Friday, December 2, 2022

So much matters!

 From Oliver Burkeman's newsletter The Imperfectionist titled "Urgency Doesn't Exist," this part about the notion of how "urgent tasks" rule our day.  Very often things are "urgent" because of someone else's priorities.  That's not unimportant... but it shouldn't rule our day.

The way through this muddle begins, I think, by seeing that what we call “urgency” is actually just another kind of importance – not some separate, stress-inducing quality that attaches itself to certain tasks, demanding their immediate completion. And definitely, time-sensitivity is one of the factors that can make a task worth prioritising. Deadlines do matter, whether you’re paying a bill, launching a product, buying a birthday present or leaving for the school run. But time-sensitivity is one factor among many. There’s no need to think of urgency as some uniquely powerful force that gets to muscle its way in front of everything else.

If this strikes you as a purely conceptual distinction, I can only respond that, for me, it’s been transformative. It helps me see the truth of my situation, which is that every day, when I wake up, there are thousands upon thousands of genuinely important ways I could spend my day – certainly incalculably more than I’ll have time for. So much matters! Meaningful work matters. My relationships with my wife and son and friends matter. Paying the bills matters.
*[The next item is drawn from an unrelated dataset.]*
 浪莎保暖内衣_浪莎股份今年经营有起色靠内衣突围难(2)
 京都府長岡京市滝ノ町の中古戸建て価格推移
Cleaning the house matters. Rest matters. Fun matters.

And somehow, the sheer overwhelming number of things that matter has the effect of cutting “urgency” down to size. Because I’m finite, my task for the day can only possibly be to do a few things that matter. Inevitably, a far greater number of things that matter will fall by the wayside – doubtless including a few that derived their importance from their time-sensitivity.

Oh well: such is the human condition.